Graphite felt as an electrode material

The performance of VRFBs largely relies on the electrode, which requires high electrochemical activity to promote the charge transfer of redox couples.

Due to the potentially corrosive environment in flow batteries, only materials with certain qualities –strong chemical resistance and high electrochemical activity toward the redox reactions –can be used as VRFB electrodes.

As such, carbon-based materials such as graphite and carbon felts are the predominant electrode materials for VRFBs, favoured for their low cost, conductivity, permeability and electrochemical stability.

Paul Lancaster, (pictured above) managing director at graphite specialist Olmec Advanced Materials, said: “Graphite and carbon felts have a versatile list of operational characteristics, providing a low-cost and lightweight but efficient performance in redox flow batteries.

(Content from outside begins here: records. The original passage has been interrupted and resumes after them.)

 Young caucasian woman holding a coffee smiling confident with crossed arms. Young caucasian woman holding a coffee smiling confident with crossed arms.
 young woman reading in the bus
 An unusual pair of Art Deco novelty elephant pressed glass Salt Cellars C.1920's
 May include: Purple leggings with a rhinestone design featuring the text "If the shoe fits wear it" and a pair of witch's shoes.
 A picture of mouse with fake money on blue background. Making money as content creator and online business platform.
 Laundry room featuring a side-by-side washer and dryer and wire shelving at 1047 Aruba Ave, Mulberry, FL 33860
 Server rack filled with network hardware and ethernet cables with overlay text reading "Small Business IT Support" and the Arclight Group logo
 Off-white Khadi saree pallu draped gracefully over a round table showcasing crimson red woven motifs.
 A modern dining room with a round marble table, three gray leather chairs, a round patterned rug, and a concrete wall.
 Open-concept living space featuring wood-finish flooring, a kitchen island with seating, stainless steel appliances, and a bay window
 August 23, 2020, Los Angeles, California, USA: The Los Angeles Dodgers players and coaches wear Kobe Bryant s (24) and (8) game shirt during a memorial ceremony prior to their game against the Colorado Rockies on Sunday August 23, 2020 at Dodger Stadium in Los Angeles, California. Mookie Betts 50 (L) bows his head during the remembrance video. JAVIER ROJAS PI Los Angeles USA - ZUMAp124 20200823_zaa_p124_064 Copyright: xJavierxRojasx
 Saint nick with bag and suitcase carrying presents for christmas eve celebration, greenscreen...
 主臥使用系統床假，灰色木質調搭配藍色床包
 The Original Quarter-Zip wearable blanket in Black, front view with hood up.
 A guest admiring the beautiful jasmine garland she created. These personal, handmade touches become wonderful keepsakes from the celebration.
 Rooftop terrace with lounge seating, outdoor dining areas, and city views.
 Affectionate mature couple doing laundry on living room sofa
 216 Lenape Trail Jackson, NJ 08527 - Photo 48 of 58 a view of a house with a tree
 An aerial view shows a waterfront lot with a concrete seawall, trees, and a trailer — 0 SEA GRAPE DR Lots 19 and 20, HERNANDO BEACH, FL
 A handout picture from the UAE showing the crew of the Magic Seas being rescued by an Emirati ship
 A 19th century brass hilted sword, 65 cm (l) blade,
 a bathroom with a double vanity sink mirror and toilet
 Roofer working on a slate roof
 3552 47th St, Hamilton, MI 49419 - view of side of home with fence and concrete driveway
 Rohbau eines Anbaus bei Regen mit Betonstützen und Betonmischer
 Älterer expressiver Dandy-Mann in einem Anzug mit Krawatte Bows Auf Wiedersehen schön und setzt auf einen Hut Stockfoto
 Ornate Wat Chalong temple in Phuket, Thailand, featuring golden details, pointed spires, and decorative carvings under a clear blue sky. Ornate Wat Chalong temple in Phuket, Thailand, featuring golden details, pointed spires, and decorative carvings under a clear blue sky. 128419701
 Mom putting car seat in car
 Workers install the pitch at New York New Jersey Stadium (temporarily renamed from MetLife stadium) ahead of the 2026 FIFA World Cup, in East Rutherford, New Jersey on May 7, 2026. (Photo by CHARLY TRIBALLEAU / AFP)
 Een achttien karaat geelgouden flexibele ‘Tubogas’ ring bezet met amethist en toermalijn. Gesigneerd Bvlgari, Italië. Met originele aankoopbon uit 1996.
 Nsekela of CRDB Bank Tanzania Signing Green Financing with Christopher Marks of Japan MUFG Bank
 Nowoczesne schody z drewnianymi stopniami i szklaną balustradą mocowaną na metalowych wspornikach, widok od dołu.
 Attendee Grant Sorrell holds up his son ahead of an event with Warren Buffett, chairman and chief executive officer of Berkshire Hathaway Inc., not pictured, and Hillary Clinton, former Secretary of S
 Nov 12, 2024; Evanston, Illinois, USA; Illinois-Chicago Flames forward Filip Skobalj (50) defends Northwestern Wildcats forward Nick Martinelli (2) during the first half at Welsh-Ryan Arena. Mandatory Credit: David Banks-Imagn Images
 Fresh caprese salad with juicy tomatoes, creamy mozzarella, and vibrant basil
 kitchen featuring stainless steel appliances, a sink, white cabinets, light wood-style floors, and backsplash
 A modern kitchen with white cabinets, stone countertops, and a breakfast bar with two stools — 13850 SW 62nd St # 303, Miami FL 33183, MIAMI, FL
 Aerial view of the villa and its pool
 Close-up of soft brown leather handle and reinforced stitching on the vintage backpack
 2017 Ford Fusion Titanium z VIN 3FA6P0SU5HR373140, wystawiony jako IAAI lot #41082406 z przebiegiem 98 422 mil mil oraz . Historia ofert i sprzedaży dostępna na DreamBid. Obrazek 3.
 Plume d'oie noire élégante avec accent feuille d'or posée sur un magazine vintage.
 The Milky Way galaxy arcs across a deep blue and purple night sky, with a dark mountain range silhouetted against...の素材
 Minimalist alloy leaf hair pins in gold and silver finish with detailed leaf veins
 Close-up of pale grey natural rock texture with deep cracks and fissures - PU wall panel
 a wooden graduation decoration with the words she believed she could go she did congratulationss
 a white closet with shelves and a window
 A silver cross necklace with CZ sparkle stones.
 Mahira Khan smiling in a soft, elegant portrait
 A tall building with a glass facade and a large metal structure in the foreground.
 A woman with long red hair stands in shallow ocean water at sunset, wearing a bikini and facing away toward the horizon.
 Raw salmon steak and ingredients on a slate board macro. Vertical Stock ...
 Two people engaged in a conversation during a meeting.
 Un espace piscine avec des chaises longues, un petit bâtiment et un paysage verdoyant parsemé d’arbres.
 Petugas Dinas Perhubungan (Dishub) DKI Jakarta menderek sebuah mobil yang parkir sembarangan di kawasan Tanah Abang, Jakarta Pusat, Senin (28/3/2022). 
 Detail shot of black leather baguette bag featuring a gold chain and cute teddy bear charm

“They have many of the qualities you could want from an electrode, ticking the boxes for strength and chemical stability as well as conductivity.”

Felts can, however, suffer with low electrochemical activity, poor wettability and small specific area, hindering its current density and ultimately affecting voltage efficiency.

Research suggests that treating graphite felt electrodes for VRFBs with electrochemical oxidation increases the electrode’s specific surface area and improves electrochemical performance as a result.

Despite their cost, performance and mobility benefits, VRFBs are complex systems and as such have faced several challenges in development, mainly issues of low specific density in comparison with other batteries.

For flow battery technology to progress and become more marketable, the compatibility of membranes and electrodes must be given more attention, while the overall design and management of cells and stacks also needs improvement.

Lancaster says: “It’s important to understand the operational life and environment necessary parts like electrodes will be subjected to so that the graphite can be machined and treated properly.”

Research into developing the performance of VRFBs has shown that treating the surface of graphite electrodes – through processes such as thermal treatment, metal doping or chemical treatment with sulphuric or nitric acid – enhances the energy efficiency and reaction kinetics of VRFBs.

By improving the capacity to store and discharge surplus energy, VRFBs can become a more economically viable technology and deliver much-needed electricity in periods of high demand or during blackouts caused by natural disasters.